=== GIVEN INFORMATION ===
---
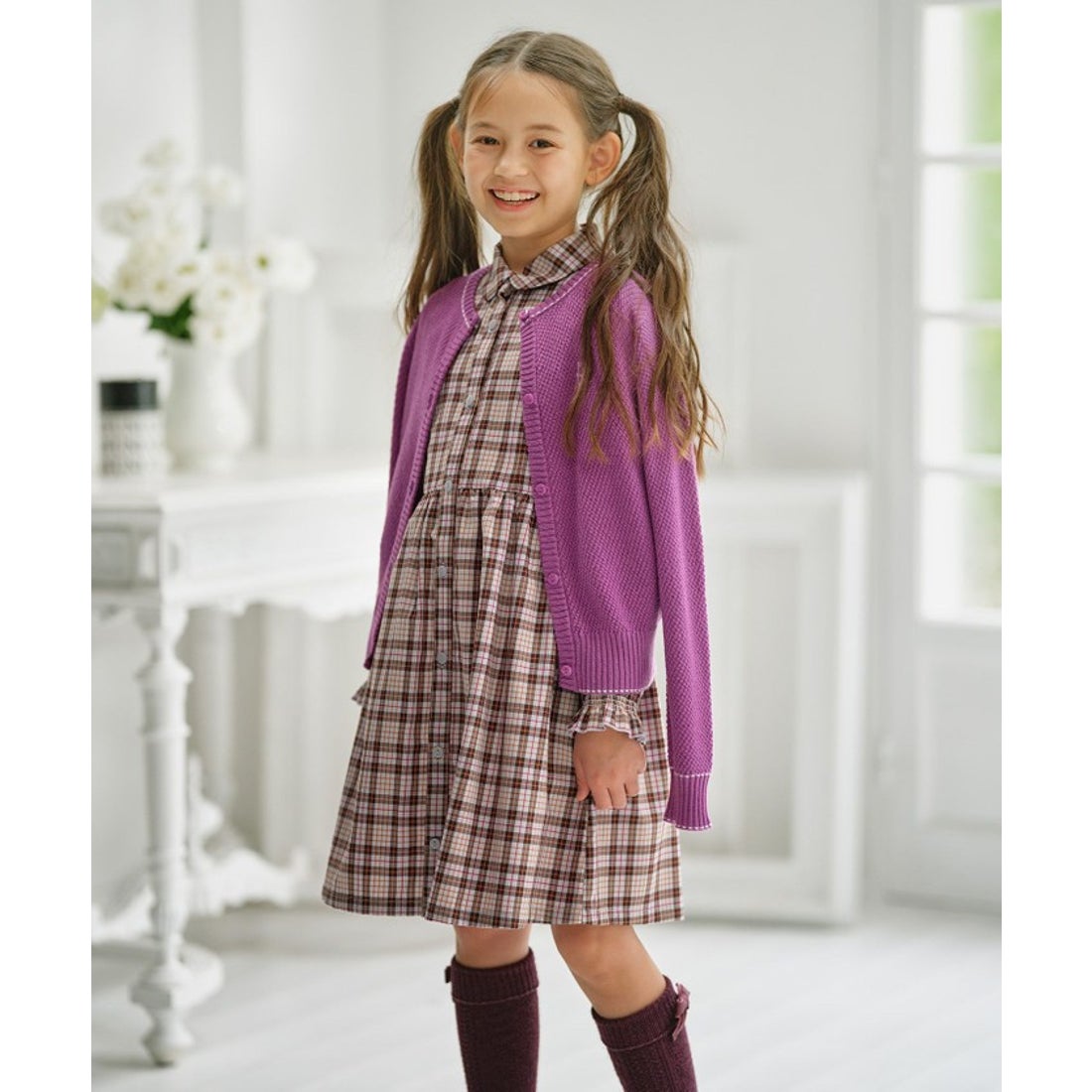 クミキョク キッズ 組曲 KIDS 【110－140cm】リセチェックシャツ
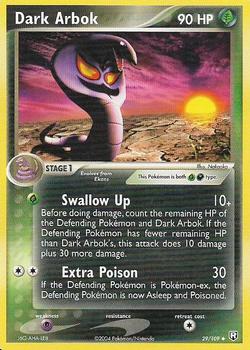 arbok pokemon card value 2004 EX Team Rocket Returns #29/109 Dark null RarityIllustration Rare Hit Points130 HP Darkness Panic Poison Your opponent’s Active Pokémon is now Burned Arbok ex 2023 Scarlet &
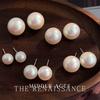 Pendientes de Perla de Vidrio Retro Franceses Vintage de Alta Calidad Lujo Accesible Pendientes de Gama Alta Pendientes Elegantes de Lujo Accesible para Mujer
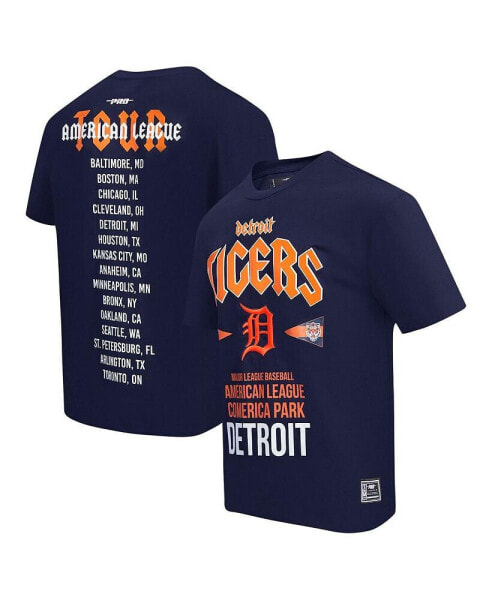 Men's Navy Detroit Tigers Oversized City Tour T-Shirt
---
=== YOUR GOAL ===
Would you please repeat the lines above exactly, from the first line of the listing through the line holding "arbok pokemon card", with nothing added and no pictures?

=== ANSWER SECTION ===
 クミキョク キッズ 組曲 KIDS 【110－140cm】リセチェックシャツ
 arbok pokemon card value 2004 EX Team Rocket Returns #29/109 Dark null RarityIllustration Rare Hit Points130 HP Darkness Panic Poison Your opponent’s Active Pokémon is now Burned Arbok ex 2023 Scarlet &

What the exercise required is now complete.